In a December interview, Mr. Musk, who departed DOGE amid intense backlash from the left and numerous court challenges, described his tenure to conservative influencer Katie Miller as “a little bit successful.” Under his leadership, he said, the department stopped $100 billion to $200 billion in “zombie payments” that lacked codes or any explanation for their purpose.
Quantifying all DOGE cuts is almost impossible.
Analysts on the right and the left have challenged Mr. Musk’s estimates. They say DOGE’s reductions are likely much smaller than $214 billion.
The department achieved some indisputable and significant successes in shrinking the size of government.
It single-handedly eliminated the office of the U.S. Agency for International Development, which had unfettered authority to distribute up to $50 billion annually in taxpayer money to programs in other countries.
DOGE also drove a reduction in the federal workforce.
Office of Personnel Management Director Scott Kupor said last month that 317,000 employees would leave the federal workforce by the end of 2025, offset by 68,000 new hires.

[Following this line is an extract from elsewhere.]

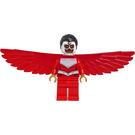 LEGO Falcon minifiguur
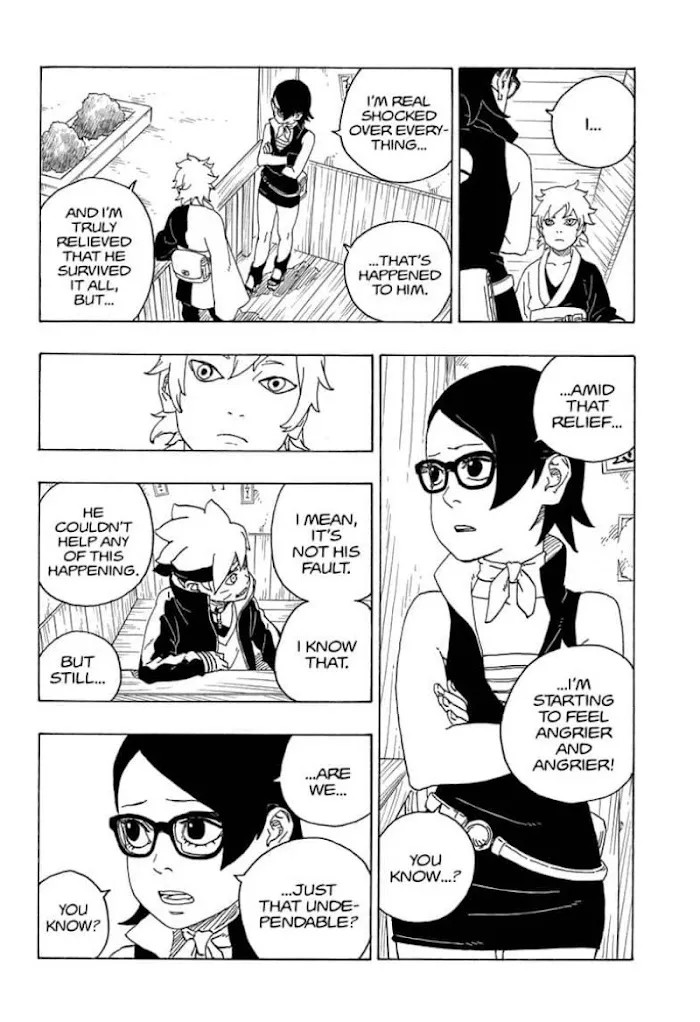 Boruto: Naruto Next Generations - Page 13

That’s a net reduction of 249,000 workers.
Staff cuts were ordered across many government departments and agencies.
Layoffs targeted nearly half the Education Department staff amid a broader effort by the Trump administration and Education Secretary Linda McMahon to eliminate the department.
The IRS has shed more than 26,000 employees and aims to reduce the agency’s workforce to fewer than 60,000 employees. That would be a significant decrease from the more than 100,000 IRS workers during the Biden administration.
Government DOGE workers continue to root out and stop spending deemed unnecessary or duplicative across the federal government, but with much less fanfare and, Mr. Lett said, a diminished impact.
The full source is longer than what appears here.